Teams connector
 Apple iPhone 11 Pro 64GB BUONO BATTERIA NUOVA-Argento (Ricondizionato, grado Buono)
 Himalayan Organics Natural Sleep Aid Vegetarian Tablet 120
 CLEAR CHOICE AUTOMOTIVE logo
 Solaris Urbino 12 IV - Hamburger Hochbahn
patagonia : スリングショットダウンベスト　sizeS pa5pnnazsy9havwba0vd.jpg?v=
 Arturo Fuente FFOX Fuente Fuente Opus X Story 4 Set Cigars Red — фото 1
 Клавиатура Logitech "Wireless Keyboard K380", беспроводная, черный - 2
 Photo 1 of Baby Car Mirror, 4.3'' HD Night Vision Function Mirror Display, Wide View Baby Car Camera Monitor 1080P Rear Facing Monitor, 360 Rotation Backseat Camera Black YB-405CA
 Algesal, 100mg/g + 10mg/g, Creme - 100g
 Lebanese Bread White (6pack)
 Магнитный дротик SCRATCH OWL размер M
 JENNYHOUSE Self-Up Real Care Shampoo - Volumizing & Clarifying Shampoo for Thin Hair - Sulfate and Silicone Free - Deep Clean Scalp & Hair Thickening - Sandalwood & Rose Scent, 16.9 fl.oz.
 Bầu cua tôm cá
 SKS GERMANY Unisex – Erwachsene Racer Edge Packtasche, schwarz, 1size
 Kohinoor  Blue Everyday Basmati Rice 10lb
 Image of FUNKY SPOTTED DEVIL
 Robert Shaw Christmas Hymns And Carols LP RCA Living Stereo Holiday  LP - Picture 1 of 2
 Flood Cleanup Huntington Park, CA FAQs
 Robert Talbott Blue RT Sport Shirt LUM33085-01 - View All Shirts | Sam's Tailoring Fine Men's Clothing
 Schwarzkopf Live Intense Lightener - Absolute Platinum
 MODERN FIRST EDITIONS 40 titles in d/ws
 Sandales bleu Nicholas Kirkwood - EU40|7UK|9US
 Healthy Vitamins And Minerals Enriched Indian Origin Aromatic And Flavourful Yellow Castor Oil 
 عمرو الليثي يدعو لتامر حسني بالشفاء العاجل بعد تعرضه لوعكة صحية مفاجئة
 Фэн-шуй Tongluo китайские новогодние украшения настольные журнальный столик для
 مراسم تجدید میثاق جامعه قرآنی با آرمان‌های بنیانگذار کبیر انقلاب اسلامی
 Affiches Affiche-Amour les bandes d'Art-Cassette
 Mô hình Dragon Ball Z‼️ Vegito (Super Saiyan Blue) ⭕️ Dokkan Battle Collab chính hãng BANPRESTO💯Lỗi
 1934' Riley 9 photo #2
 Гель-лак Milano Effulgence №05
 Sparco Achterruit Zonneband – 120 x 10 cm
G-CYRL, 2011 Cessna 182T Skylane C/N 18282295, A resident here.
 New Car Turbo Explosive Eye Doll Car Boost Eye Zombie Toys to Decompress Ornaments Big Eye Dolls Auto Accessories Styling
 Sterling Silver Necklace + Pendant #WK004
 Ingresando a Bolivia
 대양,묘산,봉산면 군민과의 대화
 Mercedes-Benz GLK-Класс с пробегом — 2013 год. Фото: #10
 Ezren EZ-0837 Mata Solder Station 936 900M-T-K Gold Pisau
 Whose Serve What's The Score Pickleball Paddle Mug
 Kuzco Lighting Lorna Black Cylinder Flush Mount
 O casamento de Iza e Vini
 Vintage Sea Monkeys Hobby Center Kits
_ _ _
-- Assignment --
In the entries above, please find the line with "MODERN FIRST EDITIONS 40 titles in d/ws" and the line with "Фэн-шуй Tongluo китайские", then write out exactly those two lines and every line between them, and nothing more.

-- The completed task --
 MODERN FIRST EDITIONS 40 titles in d/ws
 Sandales bleu Nicholas Kirkwood - EU40|7UK|9US
 Healthy Vitamins And Minerals Enriched Indian Origin Aromatic And Flavourful Yellow Castor Oil 
 عمرو الليثي يدعو لتامر حسني بالشفاء العاجل بعد تعرضه لوعكة صحية مفاجئة
 Фэн-шуй Tongluo китайские новогодние украшения настольные журнальный столик для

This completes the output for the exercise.